Word for word, give the entries back.

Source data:
=== Begin Enclosure ===

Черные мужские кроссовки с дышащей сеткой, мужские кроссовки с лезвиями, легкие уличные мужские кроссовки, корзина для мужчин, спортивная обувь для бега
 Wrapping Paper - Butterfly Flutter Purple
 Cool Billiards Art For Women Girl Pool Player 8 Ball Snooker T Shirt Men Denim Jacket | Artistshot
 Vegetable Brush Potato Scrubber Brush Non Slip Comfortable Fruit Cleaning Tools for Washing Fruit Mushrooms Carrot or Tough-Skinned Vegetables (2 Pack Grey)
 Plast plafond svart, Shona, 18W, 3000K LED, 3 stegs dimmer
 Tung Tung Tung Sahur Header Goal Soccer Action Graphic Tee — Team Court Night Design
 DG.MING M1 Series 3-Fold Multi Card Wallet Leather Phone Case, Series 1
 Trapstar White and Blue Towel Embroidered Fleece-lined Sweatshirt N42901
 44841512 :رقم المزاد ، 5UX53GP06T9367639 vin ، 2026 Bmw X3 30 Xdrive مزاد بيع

=== End Enclosure ===

Response to this exercise:
Черные мужские кроссовки с дышащей сеткой, мужские кроссовки с лезвиями, легкие уличные мужские кроссовки, корзина для мужчин, спортивная обувь для бега
 Wrapping Paper - Butterfly Flutter Purple
 Cool Billiards Art For Women Girl Pool Player 8 Ball Snooker T Shirt Men Denim Jacket | Artistshot
 Vegetable Brush Potato Scrubber Brush Non Slip Comfortable Fruit Cleaning Tools for Washing Fruit Mushrooms Carrot or Tough-Skinned Vegetables (2 Pack Grey)
 Plast plafond svart, Shona, 18W, 3000K LED, 3 stegs dimmer
 Tung Tung Tung Sahur Header Goal Soccer Action Graphic Tee — Team Court Night Design
 DG.MING M1 Series 3-Fold Multi Card Wallet Leather Phone Case, Series 1
 Trapstar White and Blue Towel Embroidered Fleece-lined Sweatshirt N42901
 44841512 :رقم المزاد ، 5UX53GP06T9367639 vin ، 2026 Bmw X3 30 Xdrive مزاد بيع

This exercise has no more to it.